■ Supplied information ■
◇ ◇ ◇ ◇ ◇ ◇ ◇
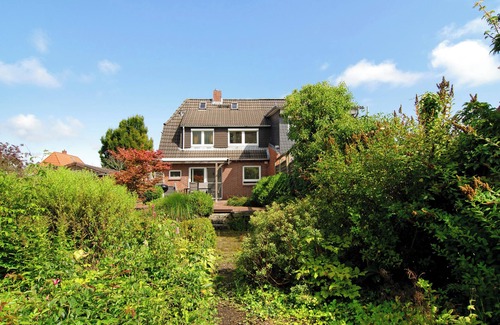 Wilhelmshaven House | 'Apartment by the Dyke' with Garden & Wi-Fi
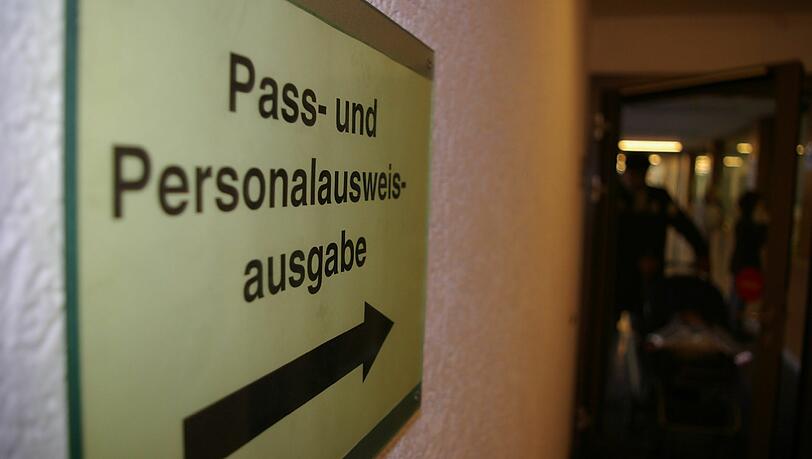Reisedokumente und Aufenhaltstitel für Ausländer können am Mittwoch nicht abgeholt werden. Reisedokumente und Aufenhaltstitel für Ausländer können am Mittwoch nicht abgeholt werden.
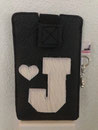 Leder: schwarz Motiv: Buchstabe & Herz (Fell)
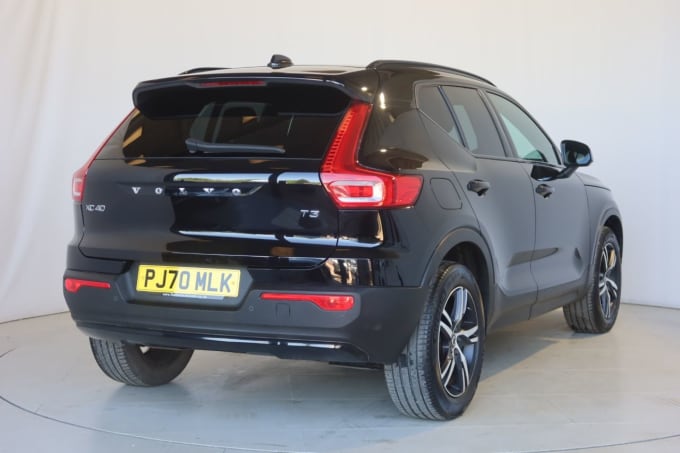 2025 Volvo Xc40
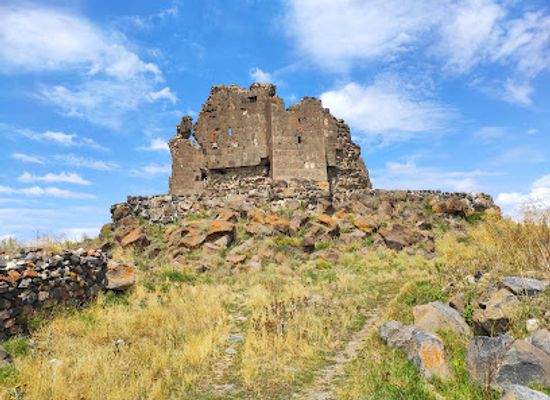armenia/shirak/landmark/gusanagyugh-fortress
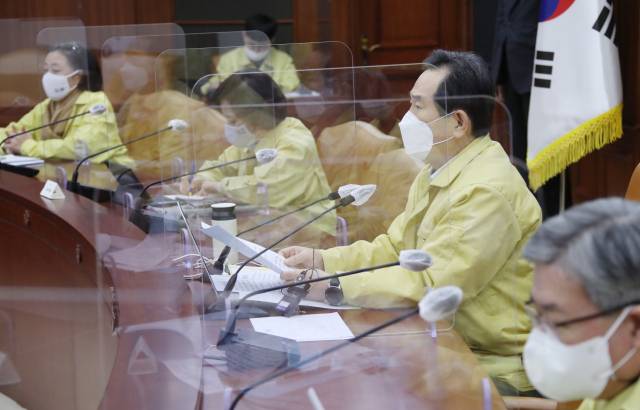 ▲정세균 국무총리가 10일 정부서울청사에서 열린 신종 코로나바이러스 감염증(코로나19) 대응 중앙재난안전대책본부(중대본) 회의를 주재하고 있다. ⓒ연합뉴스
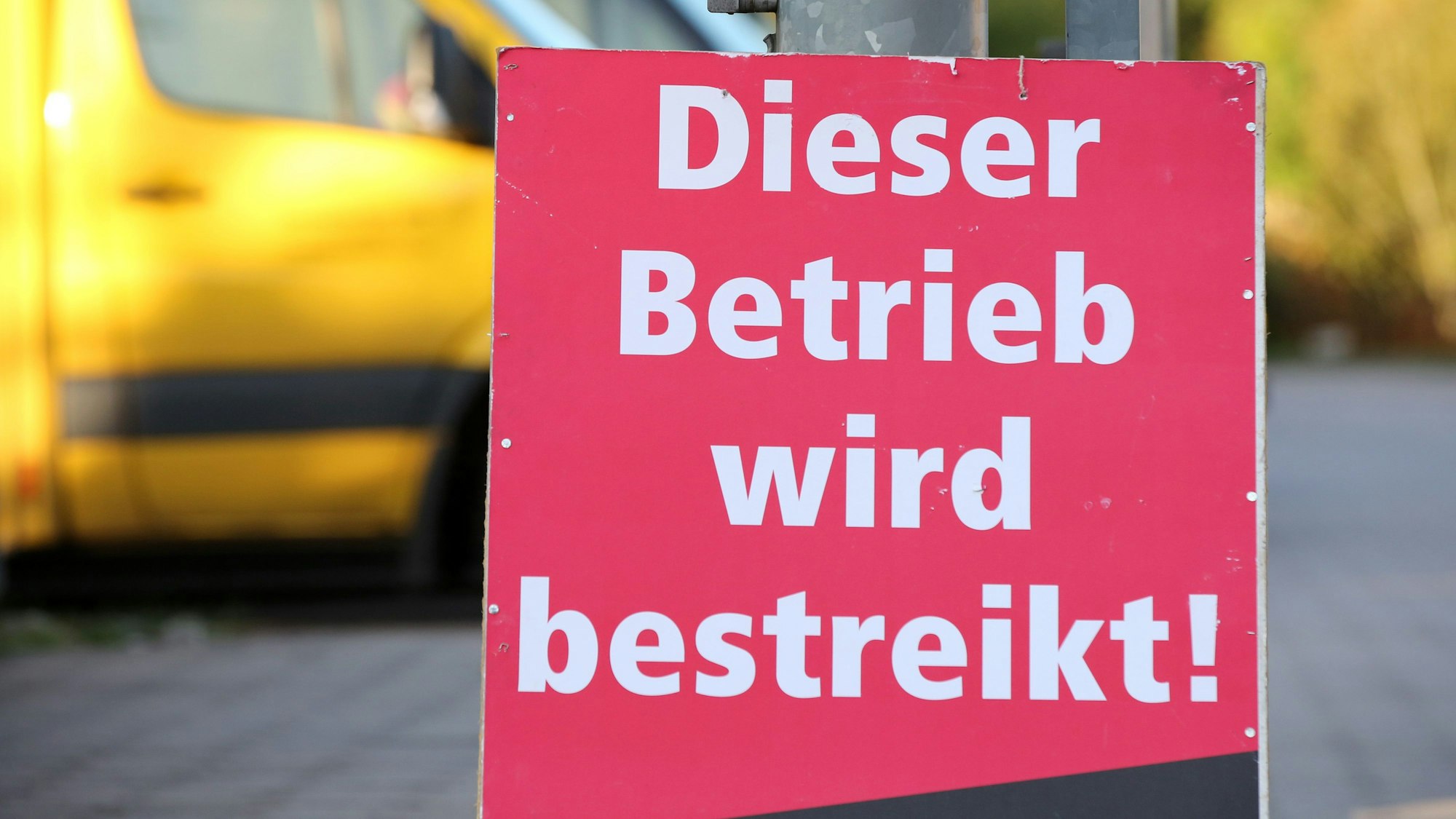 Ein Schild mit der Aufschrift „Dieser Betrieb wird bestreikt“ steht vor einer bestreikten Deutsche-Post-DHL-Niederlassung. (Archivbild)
◇ ◇ ◇ ◇ ◇ ◇ ◇
■ The task ■
Produce a verbatim copy of all records, minus pictures.

■ Exercise result ■
 Wilhelmshaven House | 'Apartment by the Dyke' with Garden & Wi-Fi
Reisedokumente und Aufenhaltstitel für Ausländer können am Mittwoch nicht abgeholt werden. Reisedokumente und Aufenhaltstitel für Ausländer können am Mittwoch nicht abgeholt werden.
 Leder: schwarz Motiv: Buchstabe & Herz (Fell)
 2025 Volvo Xc40
armenia/shirak/landmark/gusanagyugh-fortress
 ▲정세균 국무총리가 10일 정부서울청사에서 열린 신종 코로나바이러스 감염증(코로나19) 대응 중앙재난안전대책본부(중대본) 회의를 주재하고 있다. ⓒ연합뉴스
 Ein Schild mit der Aufschrift „Dieser Betrieb wird bestreikt“ steht vor einer bestreikten Deutsche-Post-DHL-Niederlassung. (Archivbild)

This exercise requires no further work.